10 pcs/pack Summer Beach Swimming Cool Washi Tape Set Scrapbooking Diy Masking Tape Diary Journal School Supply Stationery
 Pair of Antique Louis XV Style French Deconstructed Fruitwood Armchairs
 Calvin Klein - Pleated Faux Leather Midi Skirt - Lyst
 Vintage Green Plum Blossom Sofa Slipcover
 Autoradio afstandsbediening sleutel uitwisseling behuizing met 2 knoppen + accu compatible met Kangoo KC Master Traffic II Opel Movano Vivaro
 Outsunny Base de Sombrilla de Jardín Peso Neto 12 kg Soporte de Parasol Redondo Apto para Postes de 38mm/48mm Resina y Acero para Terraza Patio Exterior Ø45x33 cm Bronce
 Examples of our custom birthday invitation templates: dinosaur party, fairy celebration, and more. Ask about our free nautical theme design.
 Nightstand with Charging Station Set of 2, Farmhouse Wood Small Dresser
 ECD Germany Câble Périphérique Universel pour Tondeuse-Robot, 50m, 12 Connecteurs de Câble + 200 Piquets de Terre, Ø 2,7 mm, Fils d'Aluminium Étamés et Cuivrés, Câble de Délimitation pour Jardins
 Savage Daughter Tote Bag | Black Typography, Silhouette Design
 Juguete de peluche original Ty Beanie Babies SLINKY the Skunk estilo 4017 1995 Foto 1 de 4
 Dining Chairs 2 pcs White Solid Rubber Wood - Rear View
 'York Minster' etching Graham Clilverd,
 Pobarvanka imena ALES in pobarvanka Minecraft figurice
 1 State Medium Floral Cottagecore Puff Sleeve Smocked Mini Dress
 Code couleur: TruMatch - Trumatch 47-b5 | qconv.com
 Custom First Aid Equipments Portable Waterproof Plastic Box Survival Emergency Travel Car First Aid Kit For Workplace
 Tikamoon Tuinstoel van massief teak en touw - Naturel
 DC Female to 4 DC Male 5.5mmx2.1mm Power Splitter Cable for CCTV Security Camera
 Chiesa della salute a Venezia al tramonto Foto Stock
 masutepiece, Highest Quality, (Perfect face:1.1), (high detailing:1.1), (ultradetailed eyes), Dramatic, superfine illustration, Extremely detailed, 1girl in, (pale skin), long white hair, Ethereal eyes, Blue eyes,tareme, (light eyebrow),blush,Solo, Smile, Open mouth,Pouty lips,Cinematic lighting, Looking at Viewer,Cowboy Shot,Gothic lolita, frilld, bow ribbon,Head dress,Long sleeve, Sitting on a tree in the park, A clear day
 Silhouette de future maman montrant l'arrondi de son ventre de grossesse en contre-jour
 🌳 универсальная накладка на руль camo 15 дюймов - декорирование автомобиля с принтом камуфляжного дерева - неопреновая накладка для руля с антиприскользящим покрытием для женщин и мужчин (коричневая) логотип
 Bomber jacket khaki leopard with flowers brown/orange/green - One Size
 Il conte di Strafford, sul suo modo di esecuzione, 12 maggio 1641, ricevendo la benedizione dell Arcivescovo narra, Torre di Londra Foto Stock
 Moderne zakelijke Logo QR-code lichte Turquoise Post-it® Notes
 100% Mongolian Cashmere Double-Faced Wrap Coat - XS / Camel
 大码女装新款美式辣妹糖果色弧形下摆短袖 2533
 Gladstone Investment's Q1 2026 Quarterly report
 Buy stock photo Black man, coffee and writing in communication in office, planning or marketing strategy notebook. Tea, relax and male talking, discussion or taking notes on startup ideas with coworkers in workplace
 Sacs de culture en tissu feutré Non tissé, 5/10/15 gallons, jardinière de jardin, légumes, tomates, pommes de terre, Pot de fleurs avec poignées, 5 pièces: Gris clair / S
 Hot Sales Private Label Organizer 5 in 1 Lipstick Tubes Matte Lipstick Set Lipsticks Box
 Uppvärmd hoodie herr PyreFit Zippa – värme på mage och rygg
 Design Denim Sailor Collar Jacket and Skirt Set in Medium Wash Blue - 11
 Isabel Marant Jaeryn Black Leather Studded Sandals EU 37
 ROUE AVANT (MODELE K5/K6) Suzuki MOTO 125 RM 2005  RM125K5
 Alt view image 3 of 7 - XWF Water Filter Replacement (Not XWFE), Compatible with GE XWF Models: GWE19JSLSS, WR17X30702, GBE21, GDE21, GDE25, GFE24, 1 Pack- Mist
--- --- ---
→ TASK INSTRUCTIONS
Only the lines from the one containing "Moderne zakelijke Logo" through the end of the entries above belong in the answer; repeat them exactly.

→ SOLVED EXERCISE
 Moderne zakelijke Logo QR-code lichte Turquoise Post-it® Notes
 100% Mongolian Cashmere Double-Faced Wrap Coat - XS / Camel
 大码女装新款美式辣妹糖果色弧形下摆短袖 2533
 Gladstone Investment's Q1 2026 Quarterly report
 Buy stock photo Black man, coffee and writing in communication in office, planning or marketing strategy notebook. Tea, relax and male talking, discussion or taking notes on startup ideas with coworkers in workplace
 Sacs de culture en tissu feutré Non tissé, 5/10/15 gallons, jardinière de jardin, légumes, tomates, pommes de terre, Pot de fleurs avec poignées, 5 pièces: Gris clair / S
 Hot Sales Private Label Organizer 5 in 1 Lipstick Tubes Matte Lipstick Set Lipsticks Box
 Uppvärmd hoodie herr PyreFit Zippa – värme på mage och rygg
 Design Denim Sailor Collar Jacket and Skirt Set in Medium Wash Blue - 11
 Isabel Marant Jaeryn Black Leather Studded Sandals EU 37
 ROUE AVANT (MODELE K5/K6) Suzuki MOTO 125 RM 2005  RM125K5
 Alt view image 3 of 7 - XWF Water Filter Replacement (Not XWFE), Compatible with GE XWF Models: GWE19JSLSS, WR17X30702, GBE21, GDE21, GDE25, GFE24, 1 Pack- Mist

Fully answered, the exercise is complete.